Category Archives: money

Why you should buy a Toll Transponder in Florida, Colorado, California, etc.

If you are a frequent traveler like I am and renting cars everywhere you go, you are probably heading to places that have toll roads, and if your extended family lives in a state that has tolls galore, be sure to look into toll transponders and buy one.  California has a monthly fee – I used to travel there a lot and got one, but the $2.00 a month minimum charge is a turn off, if you are traveling infrequently.
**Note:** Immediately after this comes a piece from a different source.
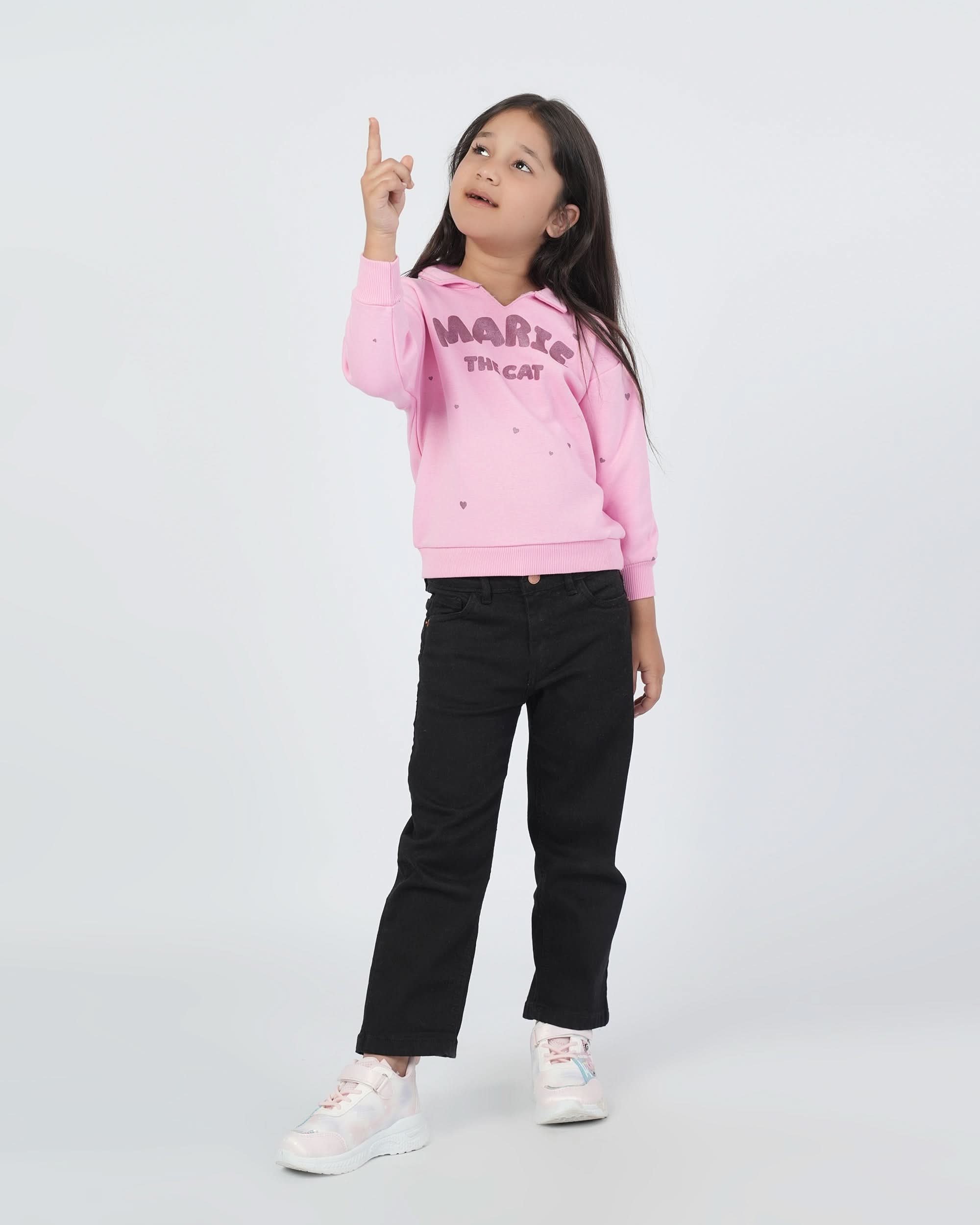 Eminent Girls Sweatshirt, Girls Hoodies & Sweat Shirts, Eminent, Chase Value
Regarding transponders, I can speak for Colorado, California, and Florida.   If you go more than once a year to a place that has toll roads, and there are no fees (Colorado and Florida have no minimums or fees), it’s wise to get a transponder or look into the rules for the toll roads where you go.  Here is what I discovered:

For the past few years we travel to and from central Florida a lot and each time e went, the rental care companies got super rich off of us-  even if we used the toll roads for 2 out of our 5 day rental, we got charged $3.95 per day no matter what IF we used even one toll road – this is maxed at like $20.00 generally but that adds up.  Plus you pay all your tolls too!  So, at $20 per trip (convenience charge), it is better to just buy your own transponder at Walgreens, Turnpike Service Centers, or Publix stores.  You reload them, add your rental vehicles as you rent them, and you can also share the transponder among family members and friends.  So, it can go in any vehicle in the state.  In Florida and Colorado, there are no monthly minimums or service charges, making the transponder a must have!   And, in Colorado, your toll rates are discounted if you have the E-470 pass, so it is certainly worth having, just get the one that you can move from vehicle to vehicle, unless you live there, of course.

Happy traveling!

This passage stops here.